Leaders leading leaders
Leadership lessons show up in unexpected places. I have been travelling on board the MV Roland Oldendorff, a bulk carrier on a two-month voyage from Rotterdam to Narvik, Hamburg, Milne Inlet in the Canadian Arctic, and back again. Among the many things I have observed, one whiteboard in the ship’s office stopped me in my tracks. Between schedules and inspection notes, three simple rules stood out:
Plan what you want to do
- Do what you plan
- Record what you have done
At first glance, it looks deceptively simple. Yet the longer I live on board, the more I see the depth hidden in those three lines.
It begins with planning. Whether it is a routine task or an emergency, the first step is always to think before you move. Too often, I have seen managers brush this off with a cheerful “we’ll wing it” or “I’m a spontaneous type.” That may work at a dinner party.

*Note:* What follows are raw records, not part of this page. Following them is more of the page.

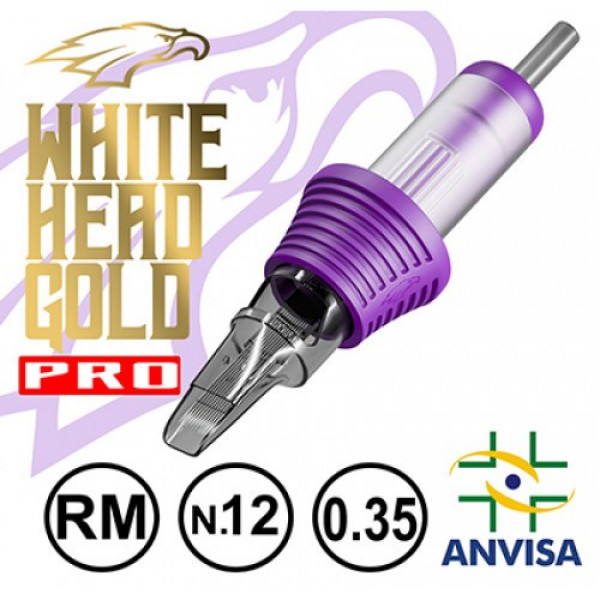 CARTUCHO WHG PRO 15RM-12 (CURVADA)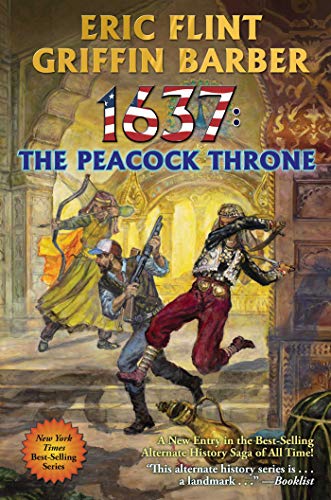 1637: The Peacock Throne (Ring of Fire Series)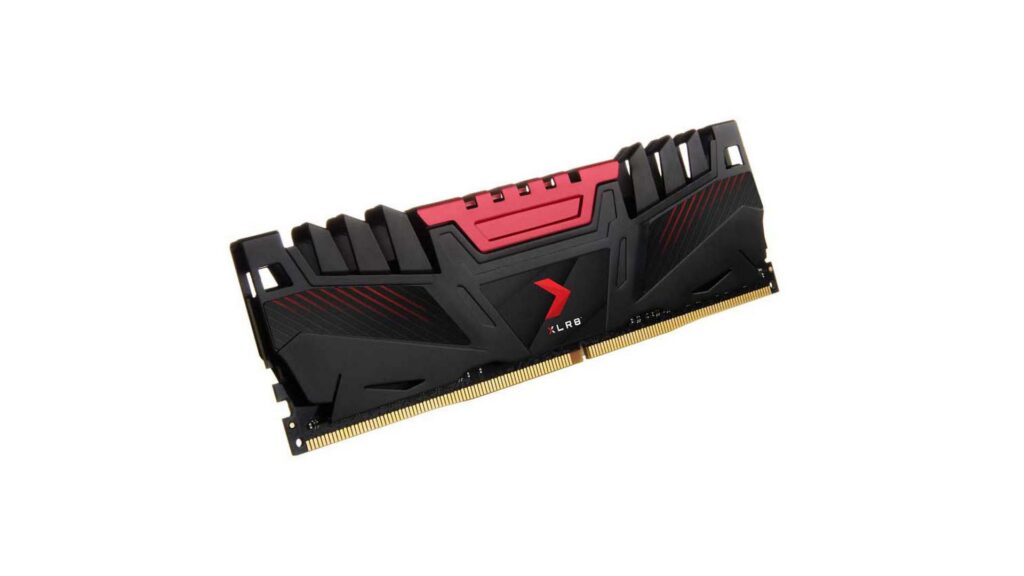 RAM PNY XLR8 16GB (1x16GB | DDR4 | 3200MHz | CL16 | MD16GD43200XR)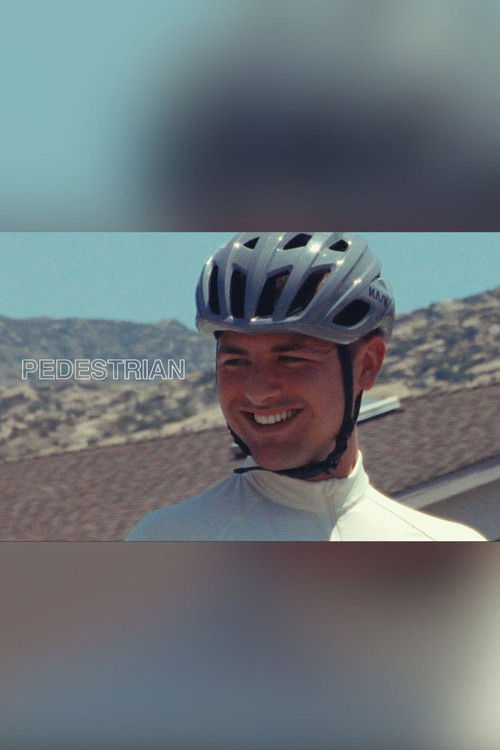 Pedestrian (2025) poster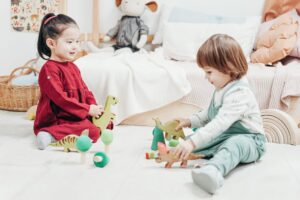 Мир тоддлеров: ученые изучают его, играя вместе с детьми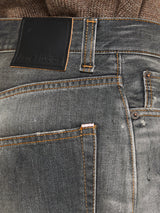 Acne Studios - 2023M FN Jeans in Black Trafalgar
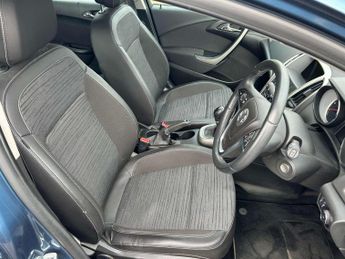 Vauxhall Astra 1.7 CDTi ecoFLEX Excite Euro 5 5dr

On a ship, it is a dangerous illusion. If you are assigning tasks to your officers or crew or responding to an emergency that has just been radioed in, you are expected to have already considered what you are trying to achieve and how.
Then comes the doing. Reality has its own opinion. Ballast pumps fail, systems misbehave, and sometimes what looked perfect on paper simply will not work in practice. The strength of the crew here is that they move forward with what they have, adapting without fuss, and still aiming for the original goal.
Finally, record. On land, documentation is often treated as an afterthought. On board, it is different. It is not about saving your skin or flooding inboxes. It is about making sure the right people know what happened, good or bad, so trust can grow in the system.
Living in this environment, where everything is highly regulated and constantly inspected, I see how essential those three steps are. Yes, there are endless forms and reports, but they exist because surprises are constant and the margin for error is vanishingly small.
Plan. Do. Record. Simple words, but when they become habits, they allow leaders to lead other leaders and their teams to move forward with clarity.